The St. John's Marsh Drain was located on Conservation Authority land, some 335.28 metres (1,100 feet) north of the White Property boundary. As previously mentioned, attached on page 46 below is an extract of the Plan from the 2019 Revised Spriet Engineer’s Report, which shows the location of the Drain relative to the White Property. For perspective, the east boundary of the White Property is 335.75 metres (1101.53 feet) long11. While more will be explained below, by virtue of the 2019 Revised Spriet Engineer’s Report, the part of the Drain upstream from station 0+950 was formally abandoned as Drainage Act infrastructure in 2021. As appears from the extract from the Plan for the 2019 Revised Spriet Engineer’s Report, on page 46 below, the now abandoned part of the Drain is at least as far north of the White Property as the east boundary of the White Property is long. Station 0+950, as shown on the extract, extends 50 metres (164 feet) into the Conservation Authority lands. Station 0+900 is where the Drain exits the Conservation Authority lands. Station 0+900 is in the order of 220 metres (725 feet) from the White Property across the Belme property, which is closer than any part of the now-abandoned part of the Drain upstream from Station 0+950. The 220-metre (725-foot) distance is comparable to the length of the south boundary of the White property, which is 220.5 metres (723.4 feet) in length12.

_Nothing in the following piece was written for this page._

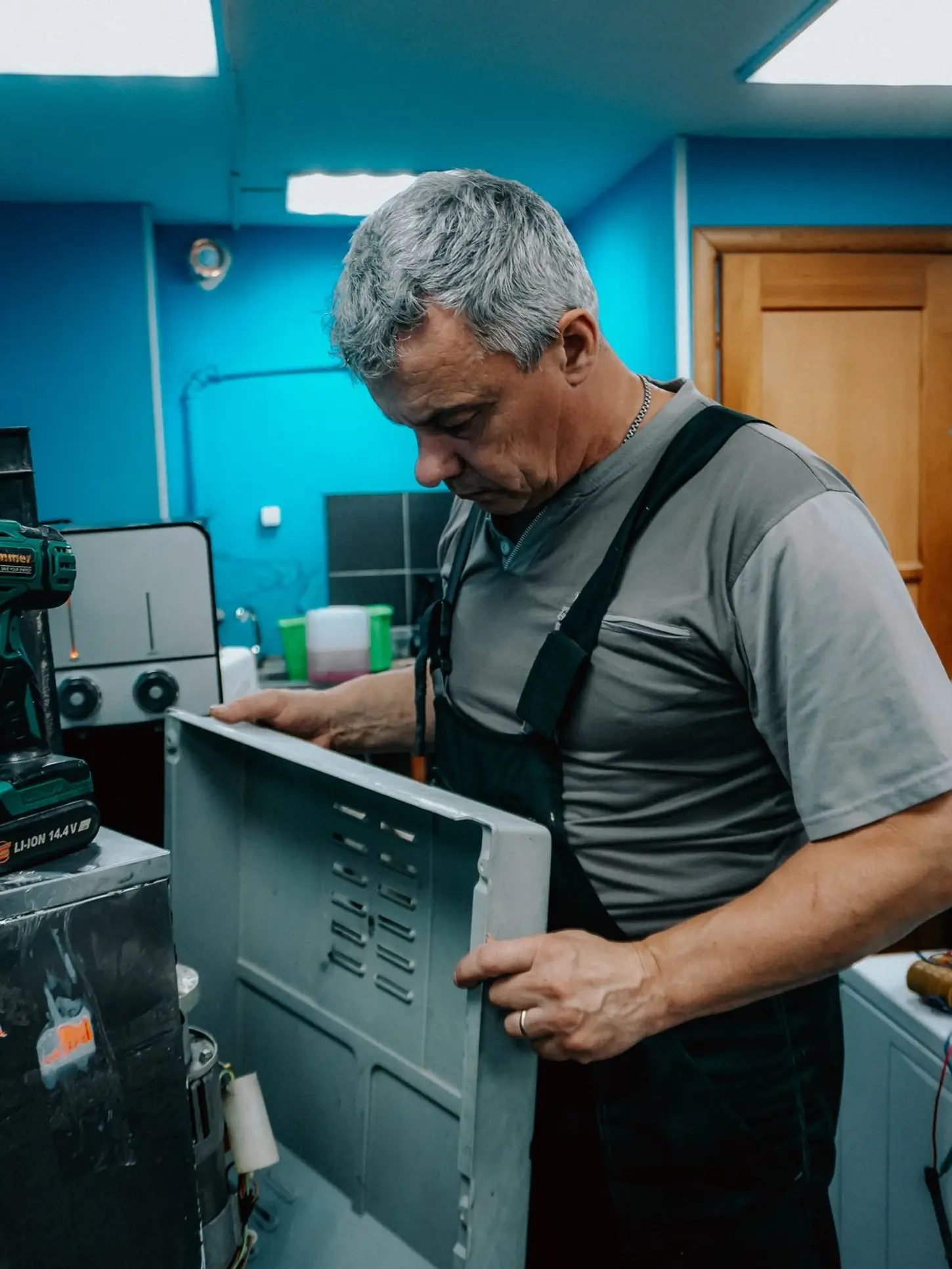 Washing machine repair technician diagnosing a front-load washer in Portland, OR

The intervening separation distance between the Drain and the White Property is a marsh and swamp wetland. There is no channel, ditch, or other means of conveying water across the Conservation Authority land from the White Property to the location where the St. John's Marsh Drain existed before its abandonment. Even after the abandonment of the Drain across the Conservation Authority lands upstream from station 0+950 as specified in the 2019 Revised Spriet Engineer’s Report, the Conservation Authority lands continue to drain into the St. John's Marsh Drain downstream from that station 0+950, where it was initially proposed to install a Newbury Weir. That weir was eliminated from the drainage works, so there is no restriction on outlet capacity. The White Property has neither de facto nor legal access to the St. John's Marsh Drain, whether by formal easement or by means of water conveyance authorized under the Drainage Act. The drainage problems on the White Property result from (a) the natural flow of surface water from south of Willow Road into the watercourse or creek across the west side of the White Property and (b) insufficient outlet capacity through the Conservation Authority lands - insufficient capacity in the sense described in paragraph 32 above.

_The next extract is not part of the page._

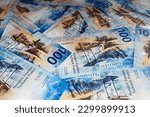 Small photo of Swiss banknotes background. Swiss francs in denomination of 100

The plaintiff says that there have been drainage problems at the White Property since the late 1980s, in effect, since shortly after he and his parents acquired the White Property and moved in. Although the plaintiff made complaints to municipal authorities, the plaintiff did not give the notice required by section 79 of the Drainage Act until August 10, 2012. Before proceeding with the history, it is essential to review the principles governing section 79 of the Act.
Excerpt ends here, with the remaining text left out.